Moreover, even if the Court were inclined to consider Plaintiff’s indigence, his
financial status could not justify a denial of all costs. In this Circuit, “[e]ven in those rare
circumstances where the non‐prevailing partyʹs financial circumstances are considered in
determining the amount of costs to be awarded, a court may not decline to award any
costs at all.”8 Thus, the Court cannot grant Plaintiff’s request to deny all costs.
Second, Plaintiff argues than an award of costs at this juncture is premature because
his appeal is still pending before the Eleventh Circuit. The Court does have discretion to
postpone an award of costs pending resolution of the case on appeal.9 Since filing his
Objection, however, the Eleventh Circuit has dismissed Plaintiff’s appeal as frivolous.10 In
light of this recent event as well as this Court’s initial denial of Plaintiff’s motions to
proceed IFP on appeal, the Court sees no reason to defer taxation of costs in this case.
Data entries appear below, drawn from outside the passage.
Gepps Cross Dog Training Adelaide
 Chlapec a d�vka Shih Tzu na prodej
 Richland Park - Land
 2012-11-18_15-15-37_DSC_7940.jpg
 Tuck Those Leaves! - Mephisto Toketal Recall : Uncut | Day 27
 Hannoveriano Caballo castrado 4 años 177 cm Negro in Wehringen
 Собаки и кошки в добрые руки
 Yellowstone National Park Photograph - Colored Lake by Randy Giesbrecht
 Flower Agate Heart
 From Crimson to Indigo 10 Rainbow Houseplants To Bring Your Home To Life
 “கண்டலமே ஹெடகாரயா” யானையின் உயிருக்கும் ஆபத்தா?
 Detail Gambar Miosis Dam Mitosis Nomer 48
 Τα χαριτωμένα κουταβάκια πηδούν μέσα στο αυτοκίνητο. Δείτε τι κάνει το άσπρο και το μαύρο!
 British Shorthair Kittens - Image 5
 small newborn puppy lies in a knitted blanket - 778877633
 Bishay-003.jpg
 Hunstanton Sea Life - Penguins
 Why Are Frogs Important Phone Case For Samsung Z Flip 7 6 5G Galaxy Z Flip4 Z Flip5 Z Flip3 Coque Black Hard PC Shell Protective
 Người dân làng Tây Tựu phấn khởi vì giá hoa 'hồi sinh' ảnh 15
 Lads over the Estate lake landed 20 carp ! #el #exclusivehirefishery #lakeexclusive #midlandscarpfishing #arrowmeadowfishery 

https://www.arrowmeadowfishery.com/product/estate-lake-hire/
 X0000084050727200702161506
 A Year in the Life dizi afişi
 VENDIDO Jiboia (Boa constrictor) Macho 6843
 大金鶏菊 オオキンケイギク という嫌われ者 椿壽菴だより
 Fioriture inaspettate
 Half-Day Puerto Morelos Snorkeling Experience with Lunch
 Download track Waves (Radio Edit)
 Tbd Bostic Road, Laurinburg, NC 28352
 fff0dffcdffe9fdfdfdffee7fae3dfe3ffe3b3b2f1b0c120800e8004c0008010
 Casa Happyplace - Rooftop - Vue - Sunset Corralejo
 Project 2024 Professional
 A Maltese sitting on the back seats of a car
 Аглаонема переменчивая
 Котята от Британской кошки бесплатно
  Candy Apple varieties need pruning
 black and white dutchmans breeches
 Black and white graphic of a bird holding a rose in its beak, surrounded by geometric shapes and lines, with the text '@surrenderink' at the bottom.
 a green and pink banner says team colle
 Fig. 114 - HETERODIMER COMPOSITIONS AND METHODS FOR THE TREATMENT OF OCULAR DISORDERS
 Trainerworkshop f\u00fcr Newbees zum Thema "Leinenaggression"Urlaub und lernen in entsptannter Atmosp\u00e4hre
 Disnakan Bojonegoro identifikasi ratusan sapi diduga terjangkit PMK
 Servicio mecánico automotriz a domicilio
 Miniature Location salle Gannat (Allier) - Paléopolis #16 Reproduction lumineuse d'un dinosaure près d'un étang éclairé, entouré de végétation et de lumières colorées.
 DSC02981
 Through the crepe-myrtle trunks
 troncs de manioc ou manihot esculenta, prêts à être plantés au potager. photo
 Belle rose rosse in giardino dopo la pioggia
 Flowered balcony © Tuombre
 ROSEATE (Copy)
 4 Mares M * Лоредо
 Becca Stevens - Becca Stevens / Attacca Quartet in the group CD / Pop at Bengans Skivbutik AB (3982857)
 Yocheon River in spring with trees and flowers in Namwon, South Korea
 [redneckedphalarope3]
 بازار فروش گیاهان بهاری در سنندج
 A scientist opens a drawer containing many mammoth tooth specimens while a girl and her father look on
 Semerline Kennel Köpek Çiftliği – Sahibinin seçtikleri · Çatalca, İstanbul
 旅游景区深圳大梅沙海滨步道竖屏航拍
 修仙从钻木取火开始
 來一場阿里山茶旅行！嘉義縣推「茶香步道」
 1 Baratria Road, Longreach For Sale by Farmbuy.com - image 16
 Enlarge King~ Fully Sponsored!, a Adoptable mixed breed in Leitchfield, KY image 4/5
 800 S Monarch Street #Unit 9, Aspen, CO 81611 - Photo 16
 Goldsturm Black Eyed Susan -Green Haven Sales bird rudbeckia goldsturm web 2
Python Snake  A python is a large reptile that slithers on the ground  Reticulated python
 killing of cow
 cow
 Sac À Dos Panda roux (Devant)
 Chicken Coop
Based on the foregoing, Plaintiff’s Objection [Doc. 124] is OVERRULED.
SO ORDERED, this 10th day of December, 2014.
S/ C. Ashley Royal
C. ASHLEY ROYAL
UNITED STATES DISTRICT JUDGE
ADP
28 U.S.C. § 1915(f)(2).
Chapman, 229 F.3d at 1039.
9 Estate of Pidcock By & Through Pidcock v. Sunnyland Am., Inc., 726 F. Supp. 1322, 1341 (S.D. Ga. 1989).
10[Doc. 125].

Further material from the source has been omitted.